◆ **What you have to do**
Take the records below and write them out again exactly.

Short descriptive text snippets
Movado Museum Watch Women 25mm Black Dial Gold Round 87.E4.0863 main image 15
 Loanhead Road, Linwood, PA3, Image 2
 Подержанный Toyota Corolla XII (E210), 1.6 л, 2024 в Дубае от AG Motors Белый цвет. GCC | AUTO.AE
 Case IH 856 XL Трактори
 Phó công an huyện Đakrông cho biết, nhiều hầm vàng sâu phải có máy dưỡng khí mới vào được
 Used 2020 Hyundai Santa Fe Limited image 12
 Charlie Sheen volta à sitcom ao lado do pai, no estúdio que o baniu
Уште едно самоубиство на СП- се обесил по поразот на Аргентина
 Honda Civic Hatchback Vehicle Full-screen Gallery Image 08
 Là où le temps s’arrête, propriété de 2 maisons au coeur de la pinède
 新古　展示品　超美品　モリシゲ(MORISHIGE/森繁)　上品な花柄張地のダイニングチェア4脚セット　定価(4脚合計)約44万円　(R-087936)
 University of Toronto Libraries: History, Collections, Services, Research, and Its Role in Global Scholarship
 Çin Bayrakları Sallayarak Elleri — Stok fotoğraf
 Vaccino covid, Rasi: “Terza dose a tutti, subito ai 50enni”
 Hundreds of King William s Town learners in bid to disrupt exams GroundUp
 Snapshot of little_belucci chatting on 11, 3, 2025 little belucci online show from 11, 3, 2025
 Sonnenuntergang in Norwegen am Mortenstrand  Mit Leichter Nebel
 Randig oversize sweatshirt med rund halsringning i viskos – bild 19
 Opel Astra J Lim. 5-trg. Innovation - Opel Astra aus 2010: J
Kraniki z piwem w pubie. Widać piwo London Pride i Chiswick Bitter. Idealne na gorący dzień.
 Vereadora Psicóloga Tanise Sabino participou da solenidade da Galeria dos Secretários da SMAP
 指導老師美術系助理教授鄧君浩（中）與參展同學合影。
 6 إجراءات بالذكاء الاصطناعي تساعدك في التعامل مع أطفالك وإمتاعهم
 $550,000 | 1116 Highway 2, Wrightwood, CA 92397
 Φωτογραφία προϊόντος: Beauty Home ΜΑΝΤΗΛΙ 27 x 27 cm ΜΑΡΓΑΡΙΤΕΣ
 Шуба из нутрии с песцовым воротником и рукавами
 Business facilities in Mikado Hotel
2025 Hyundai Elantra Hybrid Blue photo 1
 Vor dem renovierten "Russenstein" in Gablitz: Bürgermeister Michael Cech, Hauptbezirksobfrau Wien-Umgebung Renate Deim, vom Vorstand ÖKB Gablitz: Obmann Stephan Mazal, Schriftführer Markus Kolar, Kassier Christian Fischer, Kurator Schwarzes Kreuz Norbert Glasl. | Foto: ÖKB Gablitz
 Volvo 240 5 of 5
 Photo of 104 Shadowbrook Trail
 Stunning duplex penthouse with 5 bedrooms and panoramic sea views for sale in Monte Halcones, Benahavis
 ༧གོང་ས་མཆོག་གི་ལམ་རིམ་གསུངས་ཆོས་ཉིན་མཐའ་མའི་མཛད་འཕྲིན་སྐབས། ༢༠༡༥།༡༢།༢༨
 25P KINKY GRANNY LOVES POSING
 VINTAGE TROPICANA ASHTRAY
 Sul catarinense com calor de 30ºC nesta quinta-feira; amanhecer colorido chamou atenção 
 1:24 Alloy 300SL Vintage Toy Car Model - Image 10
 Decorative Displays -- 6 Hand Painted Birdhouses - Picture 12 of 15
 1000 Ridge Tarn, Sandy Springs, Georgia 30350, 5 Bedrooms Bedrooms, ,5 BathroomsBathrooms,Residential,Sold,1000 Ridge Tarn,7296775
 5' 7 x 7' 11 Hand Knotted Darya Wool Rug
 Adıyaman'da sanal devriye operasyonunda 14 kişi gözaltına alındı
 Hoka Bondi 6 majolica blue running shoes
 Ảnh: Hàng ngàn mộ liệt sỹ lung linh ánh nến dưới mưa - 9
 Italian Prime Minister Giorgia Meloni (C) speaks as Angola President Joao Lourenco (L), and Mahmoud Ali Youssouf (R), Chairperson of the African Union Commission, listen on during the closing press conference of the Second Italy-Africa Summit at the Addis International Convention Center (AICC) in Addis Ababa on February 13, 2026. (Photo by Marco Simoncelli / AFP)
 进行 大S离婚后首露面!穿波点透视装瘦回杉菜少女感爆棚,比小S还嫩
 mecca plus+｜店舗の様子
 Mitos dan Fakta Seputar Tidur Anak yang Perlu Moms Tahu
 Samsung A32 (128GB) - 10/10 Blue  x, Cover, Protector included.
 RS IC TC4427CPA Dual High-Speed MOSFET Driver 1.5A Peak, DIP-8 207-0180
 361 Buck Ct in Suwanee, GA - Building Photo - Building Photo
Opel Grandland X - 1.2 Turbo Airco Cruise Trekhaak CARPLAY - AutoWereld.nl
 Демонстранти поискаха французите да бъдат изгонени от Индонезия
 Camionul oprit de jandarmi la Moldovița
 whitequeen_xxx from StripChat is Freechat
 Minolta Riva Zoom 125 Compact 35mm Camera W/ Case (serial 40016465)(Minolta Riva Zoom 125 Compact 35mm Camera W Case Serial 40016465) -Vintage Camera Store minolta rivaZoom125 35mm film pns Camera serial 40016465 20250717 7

◆ **Reply**
Movado Museum Watch Women 25mm Black Dial Gold Round 87.E4.0863 main image 15
 Loanhead Road, Linwood, PA3, Image 2
 Подержанный Toyota Corolla XII (E210), 1.6 л, 2024 в Дубае от AG Motors Белый цвет. GCC | AUTO.AE
 Case IH 856 XL Трактори
 Phó công an huyện Đakrông cho biết, nhiều hầm vàng sâu phải có máy dưỡng khí mới vào được
 Used 2020 Hyundai Santa Fe Limited image 12
 Charlie Sheen volta à sitcom ao lado do pai, no estúdio que o baniu
Уште едно самоубиство на СП- се обесил по поразот на Аргентина
 Honda Civic Hatchback Vehicle Full-screen Gallery Image 08
 Là où le temps s’arrête, propriété de 2 maisons au coeur de la pinède
 新古　展示品　超美品　モリシゲ(MORISHIGE/森繁)　上品な花柄張地のダイニングチェア4脚セット　定価(4脚合計)約44万円　(R-087936)
 University of Toronto Libraries: History, Collections, Services, Research, and Its Role in Global Scholarship
 Çin Bayrakları Sallayarak Elleri — Stok fotoğraf
 Vaccino covid, Rasi: “Terza dose a tutti, subito ai 50enni”
 Hundreds of King William s Town learners in bid to disrupt exams GroundUp
 Snapshot of little_belucci chatting on 11, 3, 2025 little belucci online show from 11, 3, 2025
 Sonnenuntergang in Norwegen am Mortenstrand  Mit Leichter Nebel
 Randig oversize sweatshirt med rund halsringning i viskos – bild 19
 Opel Astra J Lim. 5-trg. Innovation - Opel Astra aus 2010: J
Kraniki z piwem w pubie. Widać piwo London Pride i Chiswick Bitter. Idealne na gorący dzień.
 Vereadora Psicóloga Tanise Sabino participou da solenidade da Galeria dos Secretários da SMAP
 指導老師美術系助理教授鄧君浩（中）與參展同學合影。
 6 إجراءات بالذكاء الاصطناعي تساعدك في التعامل مع أطفالك وإمتاعهم
 $550,000 | 1116 Highway 2, Wrightwood, CA 92397
 Φωτογραφία προϊόντος: Beauty Home ΜΑΝΤΗΛΙ 27 x 27 cm ΜΑΡΓΑΡΙΤΕΣ
 Шуба из нутрии с песцовым воротником и рукавами
 Business facilities in Mikado Hotel
2025 Hyundai Elantra Hybrid Blue photo 1
 Vor dem renovierten "Russenstein" in Gablitz: Bürgermeister Michael Cech, Hauptbezirksobfrau Wien-Umgebung Renate Deim, vom Vorstand ÖKB Gablitz: Obmann Stephan Mazal, Schriftführer Markus Kolar, Kassier Christian Fischer, Kurator Schwarzes Kreuz Norbert Glasl. | Foto: ÖKB Gablitz
 Volvo 240 5 of 5
 Photo of 104 Shadowbrook Trail
 Stunning duplex penthouse with 5 bedrooms and panoramic sea views for sale in Monte Halcones, Benahavis
 ༧གོང་ས་མཆོག་གི་ལམ་རིམ་གསུངས་ཆོས་ཉིན་མཐའ་མའི་མཛད་འཕྲིན་སྐབས། ༢༠༡༥།༡༢།༢༨
 25P KINKY GRANNY LOVES POSING
 VINTAGE TROPICANA ASHTRAY
 Sul catarinense com calor de 30ºC nesta quinta-feira; amanhecer colorido chamou atenção 
 1:24 Alloy 300SL Vintage Toy Car Model - Image 10
 Decorative Displays -- 6 Hand Painted Birdhouses - Picture 12 of 15
 1000 Ridge Tarn, Sandy Springs, Georgia 30350, 5 Bedrooms Bedrooms, ,5 BathroomsBathrooms,Residential,Sold,1000 Ridge Tarn,7296775
 5' 7 x 7' 11 Hand Knotted Darya Wool Rug
 Adıyaman'da sanal devriye operasyonunda 14 kişi gözaltına alındı
 Hoka Bondi 6 majolica blue running shoes
 Ảnh: Hàng ngàn mộ liệt sỹ lung linh ánh nến dưới mưa - 9
 Italian Prime Minister Giorgia Meloni (C) speaks as Angola President Joao Lourenco (L), and Mahmoud Ali Youssouf (R), Chairperson of the African Union Commission, listen on during the closing press conference of the Second Italy-Africa Summit at the Addis International Convention Center (AICC) in Addis Ababa on February 13, 2026. (Photo by Marco Simoncelli / AFP)
 进行 大S离婚后首露面!穿波点透视装瘦回杉菜少女感爆棚,比小S还嫩
 mecca plus+｜店舗の様子
 Mitos dan Fakta Seputar Tidur Anak yang Perlu Moms Tahu
 Samsung A32 (128GB) - 10/10 Blue  x, Cover, Protector included.
 RS IC TC4427CPA Dual High-Speed MOSFET Driver 1.5A Peak, DIP-8 207-0180
 361 Buck Ct in Suwanee, GA - Building Photo - Building Photo
Opel Grandland X - 1.2 Turbo Airco Cruise Trekhaak CARPLAY - AutoWereld.nl
 Демонстранти поискаха французите да бъдат изгонени от Индонезия
 Camionul oprit de jandarmi la Moldovița
 whitequeen_xxx from StripChat is Freechat
 Minolta Riva Zoom 125 Compact 35mm Camera W/ Case (serial 40016465)(Minolta Riva Zoom 125 Compact 35mm Camera W Case Serial 40016465) -Vintage Camera Store minolta rivaZoom125 35mm film pns Camera serial 40016465 20250717 7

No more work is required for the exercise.